Weekly data tells a different story. It's messier, sure. More volatile week to week. But it captures inflection points that monthly reports smooth over or miss entirely.
And right now, that weekly data is showing clear momentum building. We're not talking about a single blip either. The trend has been strengthening through February.
Why does this matter for investors? Because pending sales measure signed contracts — actual buyer activity, not just listings or price opinions. When pending sales turn positive, it means real demand is returning to the market. Those contracts become closed sales 30-60 days later.
So if you're waiting to see "existing home sales up YoY" in some future NAR report, understand that the activity creating those numbers is happening right now. Today.
Regional Hotspots Leading the Charge: Austin (+10.1%) and NYC (+5.7%)
The national number is useful, but real estate is local. Always has been. So where exactly is this momentum showing up strongest?
Two markets stand out in the current data: Austin and New York City.
Austin's pending sales are up 10.1% year-over-year.
For anyone who's followed Austin over the past few years, this is significant.
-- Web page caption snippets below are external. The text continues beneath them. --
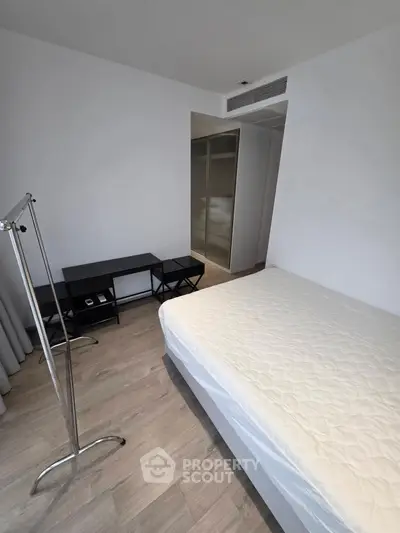 Modern minimalist bedroom with sleek flooring and ample natural light.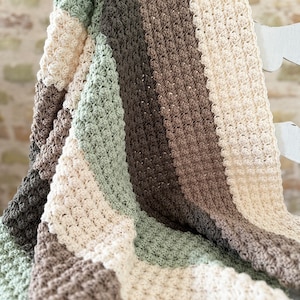 May include: A handmade crochet blanket in a striped pattern. The blanket features alternating stripes of cream, sage green, and various shades of brown. The textured stitch creates a cozy, inviting look. The blanket is draped over a white surface.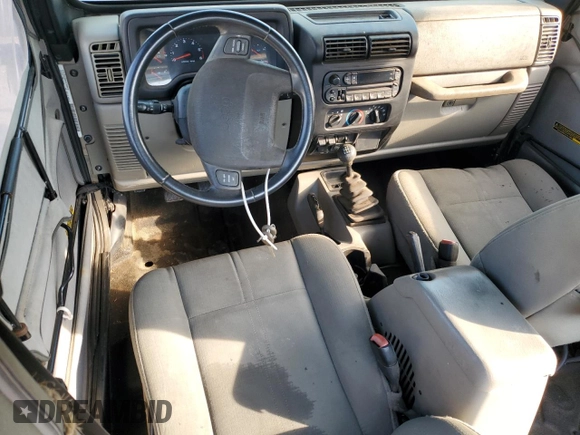 2003 Jeep Wrangler Sahara with VIN 1J4FA59S83P318057, listed as a Copart auction lot 58781495 with 102,571 mi miles and Clean title. Bid and sale history available at DreamBid. Image 8.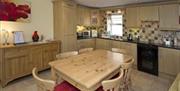 kitchen and dining area with table and 6 chairs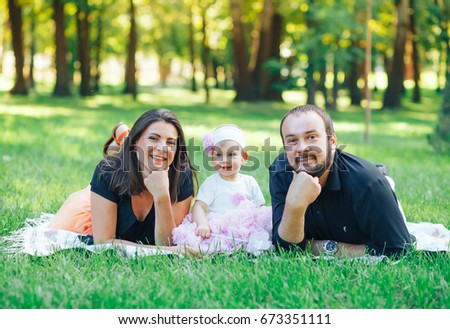 Happiness and harmony in family life. Happy family concept. A young mother and father relaxing in the Park on the grass.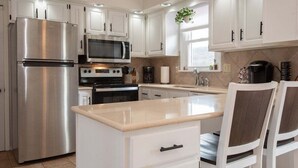 Una cocina moderna con armarios blancos, electrodomésticos de acero inoxidable, una isla central y una ventana con una planta.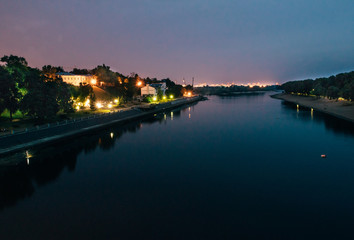Fototapeta na wymiar River in the evening reflections in night illumination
This market went through a genuine correction. After the pandemic boom pushed prices to unsustainable levels, Austin saw inventory climb, price cuts increase, and days on market extend. Some areas had homes sitting for 300+ days.
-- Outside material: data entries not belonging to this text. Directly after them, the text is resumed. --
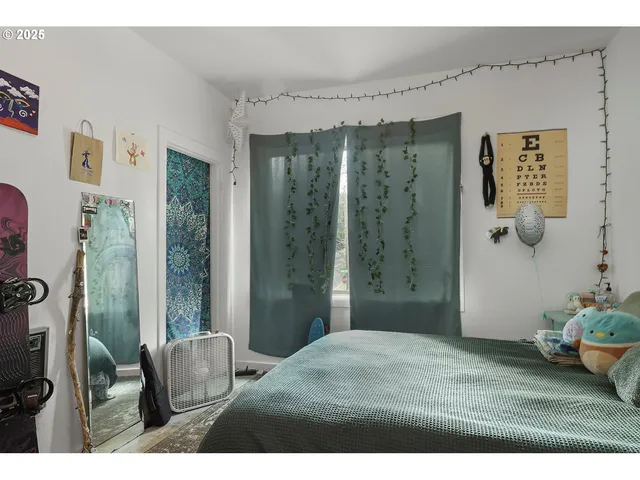 a view of a house with a yard and potted plants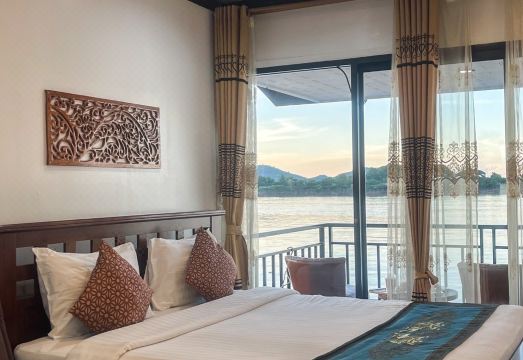 เรือนไม้ริมแม่น้ำโขงของ Riverside Chiangkhan Resort พร้อมระเบียงมองเห็นฝั่งลาว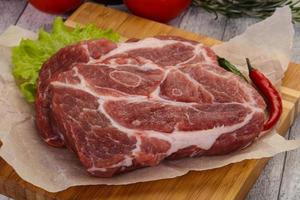 Raw pork neck steak photo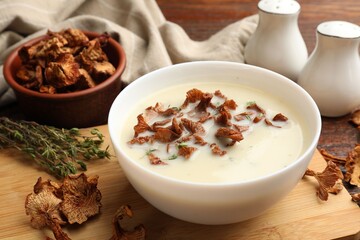 Tasty cream soup with mushrooms and thyme in bowl on wooden table, closeup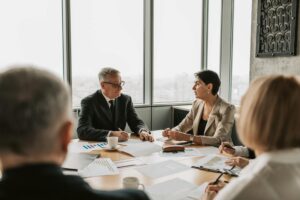 Corporate executives reviewing financial documents in modern office setting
But here's what the crash headlines missed: Austin's fundamentals never broke. The tech sector showed resilience. Job growth continued. New construction got absorbed rather than creating a glut. Population growth didn't reverse.
What happened was a price reset, not a market collapse. And now buyers are responding to that reset. Double-digit YoY growth in pending sales tells you demand was waiting in the wings for conditions to improve.
Spyglass Realty's projections had existing home sales up 11% for Austin in 2026. We're seeing that play out in real time now.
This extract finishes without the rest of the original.